It has been particularly robust in Europe. A few opponents of separation have fallen gleefully on a recent Eli Noam column in the Financial Times. This column was referred to by Henry Ergas at the Sydney Institute last Tuesday and by Barbara Esbin of the Progress and Freedom Foundation.
It is worth reflecting on what Noam really had to say. Once you get past the "literary" allusion to The Communist Manifesto in the opening line ("A spectre is haunting European telecommunications companies") the items has a simple core. The forced separation of incumbents carries such a high burden of transaction costs tht it is better to look to other means to achieve the same outcomes. His approach is a "compact" of behaviours from incumbents to avoid separation. He notes however that this incentive may not be sufficient, saying;
In addition to the carrot of non-separation, there is a stick. If these negotiated compacts would not be met in letter and spirit, then Brussels and European states should proceed speedily to an anti-monopoly challenge, seeking the full break-up of the offenders (and in ways simpler than in America a generation ago).
That is, he is really advocating the route largely already followed by Ofcom with BT. However, there is a fundamental flaw in the reasoning - if the stick is a meaningful stick, then it should be capble of being used now. Put another way the stick is not a credible threat if the reason for not exercising it is the transaction costs of doing so.

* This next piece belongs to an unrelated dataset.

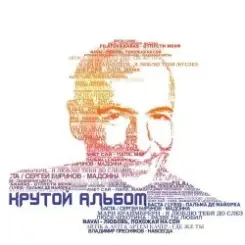 Artik & Asti, Артём Качер - Где же ты слушать онлайн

Strangely though I agree with Noam in some ways. A problem with enforced separation is that the firm being separated controls the costs of separation and has an incentive to make it as expensve as possible. That is why I've previously favoured weaker forms like operational separation. However, I've also favoured the creation of strong incentives for the voluntary separation of the incumbent. This can be through the differential application of the services access and land access regimes, and indeed the anti-competitive conduct regime, based on the functional form of the regulated firm.
What I do take great joy in is the repeated statements by the ACCC that operational separation hasn't worked. Yesterday Ed Willett said to a conference in Sydney;
There have been attempts in recent years to address these issues by imposing accounting and operational separation regimes. However, these measures have been ineffective in constraining Telstra’s incentives and ability to discriminate against access seekers.
This gives me particular thrill because of an exchange I had at a Senate Committee with Senator Brandis (my CEO referred to it as my "bonding" with the Senator". I quote from Hansard;
Mr Havyatt— I move on to operational separation. Operational separation as currently outlined in this legislation may never happen. The minister gets the power to approve or reject a plan. The minister does have more power than the ACCC has with undertakings—they can at least direct Telstra on how to amend the plan—but there is nothing stopping Telstra making other changes, as it does with its undertakings processes. Telstra is a master of the art of gaming this kind of process. Under the legislation as drafted, there would be no operational separation plan. If there ever were an operational separation plan, it is actually not orceable. Clause 55(3) of the schedule 1 amendments makes it clear that the plan itself is not enforceable and it only becomes enforceable if the minister has formed a view that they have breached the plan—I do not know you breach something that is not enforceable—and directs Telstra to rectify it. So the plan itself, even if it comes into being, is not enforceable.
It is unworkable because, at page 46 of the bill, the inclusion of 151CP and 152EQ in the Trade Practices Act means that all the rest of the regulatory regime has to stop and pay heed to what occurs in the operational separation plan—a plan that itself is not subject to scrutiny and will result in endless appeals under judicial review about whether the ACCC has exercised its powers appropriately.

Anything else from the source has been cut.